Tudo isto se combina para uma experiência de jogo única, de grande dinamismo e fluídez, com reinos em constante transformação, crescendo, diminuindo e mudando de mãos ao sabor dos caprichos dos jogadores o que, de alguma forma, acaba por reflectir a realidade caótica das primeira civilizações, sujeitas aos humores de príncipes e sacerdotes nem sempre previsíveis ou sequer recomendáveis.

Em termos de dificuldade, este é um jogo pouco consensual. As regras são simples e em número reduzido, mas algumas delas parecem ser pouco intuitivas, o que pode tornar o primeiro jogo um pouco dificil de engrenar. No entanto, após 1 jogo completo, tudo se torna claro como água, as dificuldades desaparecem, como por magia, e tudo parece encaixar-se e fazer sentido.
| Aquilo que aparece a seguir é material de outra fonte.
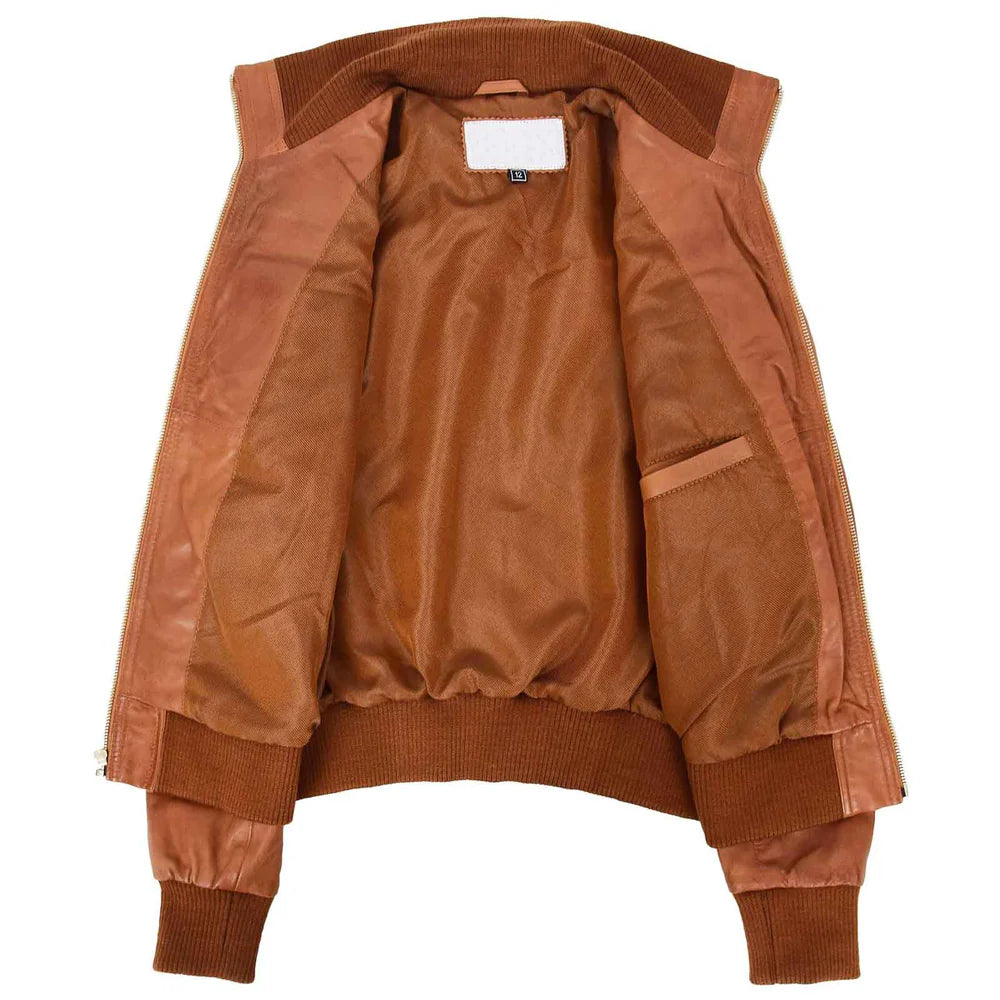 Women's Leather Classic Bomber Jacket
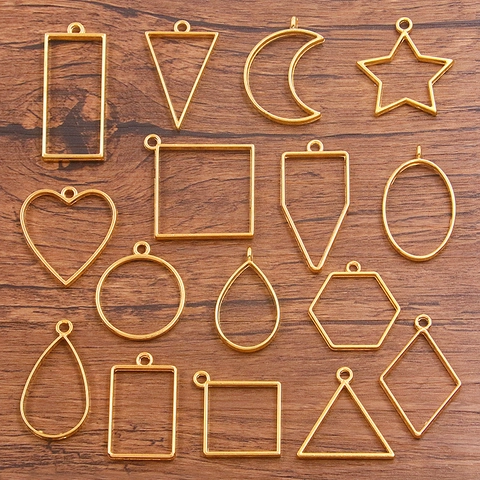 DIY Legering Holle Geometrische Bezel Hangers Voor Hars Kunst Sieraden Maken Maan Hart Ster Waterdruppel Vorm Imitatie Vergulde Accessoire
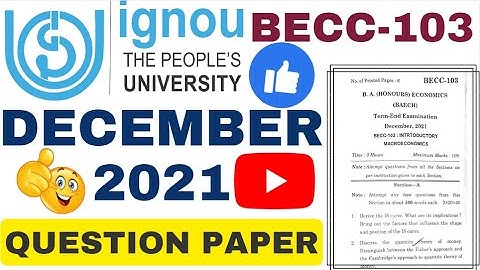 IGNOU BECC 103 DECEMBER 2021 QUESTION PAPER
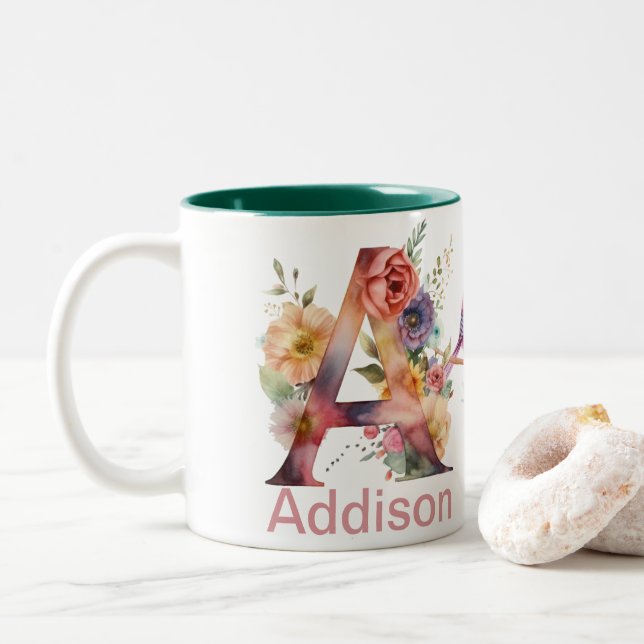 Individuelle Name Letter A Monogram | Blumenmuster Zweifarbige Tasse (Mit Donut)
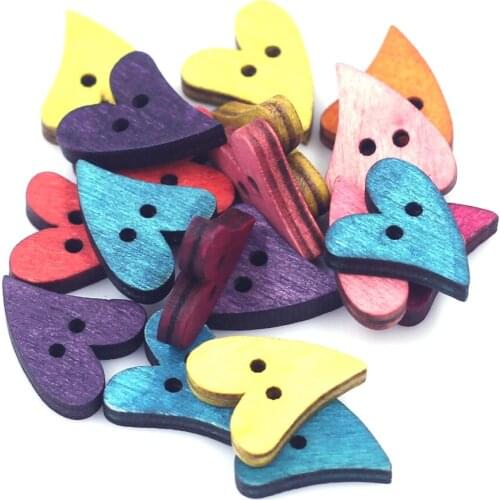 20Pcs Mixed Colors Heart Wood Sewing Accessories Wooden Buttons 2 Holes 21x17mm( 7/8"x 5/8") for DIY Clothing Crafts Decoration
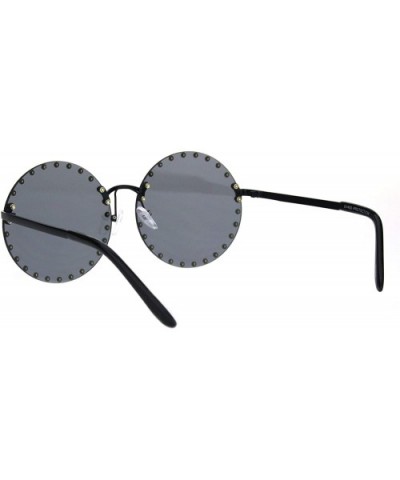 Round Circle Lens Metal Stud Rimless Hippie Pimp Sunglasses - Black Gold - CY18HRO8OR4 $8.28 Round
Em termos de profundidade do jogo em si, há uma componente estratégica incontornável e uma componente táctica, se calhar, ainda maior. Para se jogar bem, tal como em tantos jogos deste autor, é preciso ter uma estratégia de longo prazo definida e, ao mesmo tempo, ter a flexibilidade necessária para poder aproveitar as oportunidades tácticas que vão surgindo. Há um factor aleatório não negligenciável, que pode afastar os mais puristas, para prejuízo deles (embora não seja, nem de perto nem de longe, um jogo dominado pela sorte: um bom jogador vence substancialmente mais jogos do que aqueles que perde).

Em resumo, tal como o Xadrez ou o Go, o Euphrat & Tigris é daqueles jogos cujas regras são fáceis de aprender, mas que exigem dedicação e muitas sessões no bucho, para que se consiga atingir um nível elevado.

Pode ser jogado com 2, 3 ou 4 jogadores e o jogo transforma-se em função disso, sendo mais estratégico e controlado a 2 e mais caótico e dificl de jogar a 4. Há quem prefira com 2, há quem prefira com 3 e há aqueles que, como eu, preferem com 4. É uma questão de gosto.

Em jeito de conclusão, devo dizer que este jogo está tão perto de um 10 perfeito, quanto é possível a um jogo estar, sem ter sido desenhado por mim ou que, pelo menos, não tenha a minha fotografia na capa. É elegante, é único, é possível jogá-lo uma vida inteira sem que se torne repetitivo, os componentes são de boa qualidade e até tem a vantagem de poder ser jogado com 2, 3 ou 4 jogadores de forma igualmente satisfatória. Está disponível na versão em inglês ou em alemão, embora o jogo seja completamente independente da linguagem, o que torna possível comprar a edição alemã e fazer download das regras em inglês do BGG. Compreendo que algumas pessoas possam ser afastadas pela natureza um pouco contra-natura de algumas regras (que são simples, apesar de tudo) e há também quem se queixe que o jogo é abstracto demais (embora eu não concorde). Seja como fôr, para quem fôr capaz de ultrapassar com sucesso o primeiro jogo, o céu é o limite e todos os euros investidos nesta pérola terão valido a pena.

4 comentários:

Skip disse...

Curto muito o "Tigris". Tive oportunidade de jogá-lo algumas vezes e sempre que o jogo adoto uma estratégia diferente e vejo os demais adotando estratégias diferentes. Muito interessantes. Creio não ser à toa que passou muito tempo em segundo lugar na classificação do BGG.

zorg disse...

Acho que ainda está em segundo, logo atrás do puerto rico. Mas este é uma preferência particular minha...no meu ranking pessoal, está bem lá em cima. :-)

Hugo Carvalho disse...

Este é um daqueles jogos que ando doido por jogar.
O problema é que estamos sempre a mandar vir jogos novos e acaba por não restar muito tempo para os jogos antigos.
Talvez um dia, um dos ilustres visitantes deste blog me convide...

Wagner disse...

Tigris & Euphrates está no meu Top 3, superado pelo Caylus e Puerto Rico... Perto destes 2, Tigris se mostra muito mais simples em termos de componentes, porém, esta simplicidade esconde um jogo muito bem elaborado... Desde a primeira vez que joguei, foi paixão à primeira vista, e olha que já joguei outros tantos jogos, e ele continua sólido... Muito bom jogo!!!